# A 1.2Mp indirect-ToF sensor with on-chip ISP for low-power and self-optimization

Seung-Chul Shin, Jiheon Park, Daeyun Kim, Myoungoh Ki, Myunghan Bae, Hoyong Lee, Jonghan Ahn, Myeonggyun Kye, Bumsik Chung, Inho Song, Sunhwa Lee, Il-Pyeong Hwang, Taemin An, Jaeil An, Min-Sun Keel, Young-Gu Jin, Youngchan Kim, Youngsun Oh, Juhyun Ko, JoonSeo Yim

System LSI Division, Samsung Electronics Co., Ltd., Hwaseong, Gyeonggi-do, Korea, E-mail: sc1225.shin@samsung.com

Abstract — We propose an i-ToF to improve power consumption and motion artifact. AR/VR and Robot devices that require depth information when implementing applications have limitations when using i-ToF due to limited power and moving motion characteristics. In particular, the increase in the amount of AP operation according to the implementation of high resolution and the limitation of latency time due to multi-frame operation occur. The proposed sensor has an embedded depth processor to process depth calculation inside the sensor and enables low-power realization by using a 28nm process. In addition, motion artifact was reduced by operating at 250FPS readout speed. As a result, 30FPS depth output can be output from the sensor itself, and power consumption is reduced by 90%.

### I. INTRODUCTION

Recently, 3D information is being used as essential information for machine vision such as 3D map generation and gesture control in AR/VR and robot with RGB image. These devices require low-power operation due to its battery-based operation, and since continuous movement occurs, reduced motion and constant FPS are required. In addition, high-resolution depth information using indirect-ToF (i-ToF) is mainly considered because high-resolution depth information is required due to the characteristics of applications that use surface information. In previous studies, depth performance improvement and distance increase were proposed through demodulation contrast (DC) improvement, modulation frequency increase and tap mismatch calibration [1-4]. However, since all depth processing is software-based in the application processor (AP), there is a limit to the reduction of the overall system power. Also, depending on the performance of the AP, the FPS and depth quality is varying. In addition, since multiple sensors operate simultaneously for tracking and detection, the amount of data transmitted to the AP and the computational burden further increase. As another issue, since the external light conditions are accumulated during the exposure time, reduced operating distance, and increased noise in outdoor environment compared to the indoor. To solve this problem, a method of converting analog binning and digital binning through external control to implement signal increase and FWC increase effects, respectively, has been proposed. [5] However, there arises a problem that a sensor for determining the external light situation is added or the operation mode needs to be changed through additional calculations in the AP. In this paper, the following three improvements are proposed sensor with the embedded depth processor unit (eDPU) built into the sensor: 1) Reduction of system power, 2) Minimization of motion artifact, 3) Reduction of influence of external conditions.
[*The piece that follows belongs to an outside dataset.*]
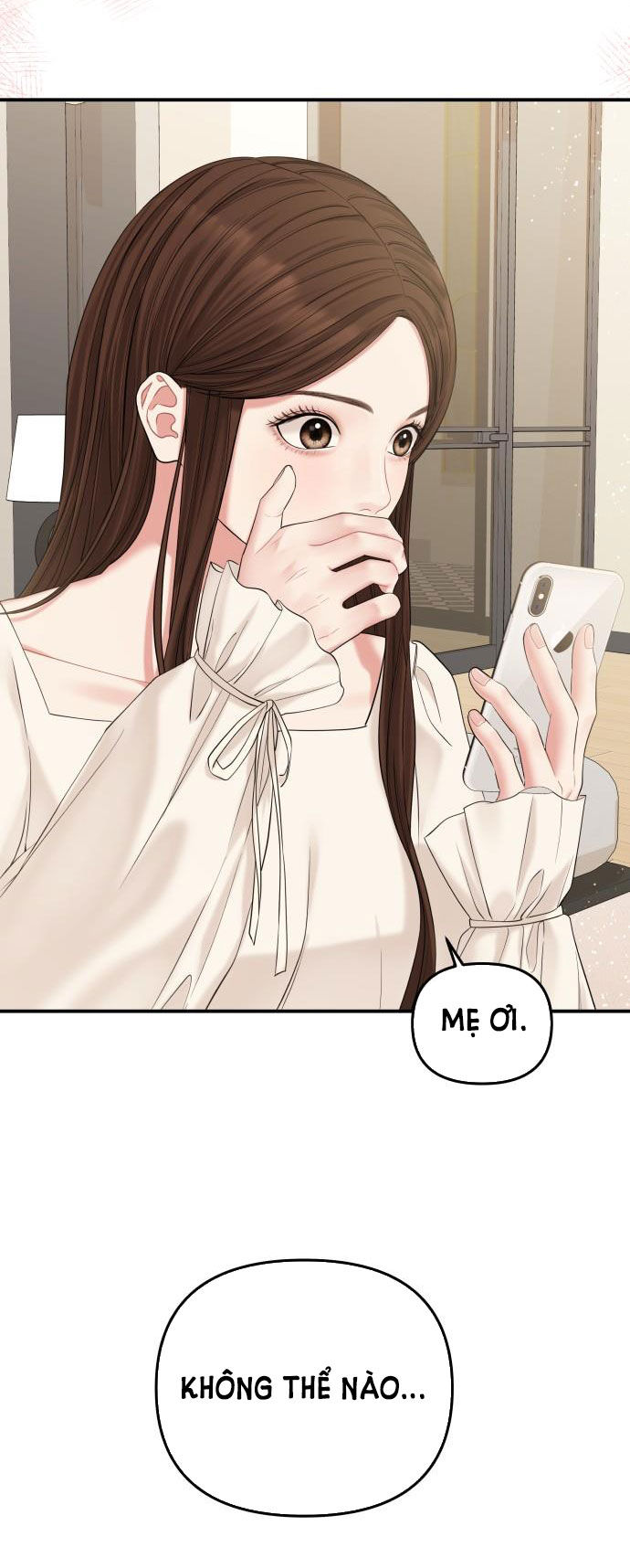 gửi em người đánh cắp những vì sao - to you who swallowed a star chapter 70.1 6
#### **II. BASIC OPERATION**

The i-ToF is to calculate the distance through the phase delay of the modulated transmitter signal reflected back to the object. For this, phase information divided into four per cycle is required, and it is sensed by separating it into each tap inside the one pixel. This feature will reduce noise and improve accuracy. However, each tap has gain and offset errors due to the mismatch during fabrication. To compensate for this, continuous 2-frame information is generally used as tap shuffle is applied in additional frames. In addition, due to the periodicity of the modulation, the maximum operating distance is limited by frequency (fm) as a folding error. To solve this problem, the actual distance is determined through greatest common divisor (GCD) operation by cross-operating the two or more fm. As a result, when calculating i-ToF based processing, 2 to 4 multi frame based calculations are used. As a result, latency increases and the amount of required computations increases.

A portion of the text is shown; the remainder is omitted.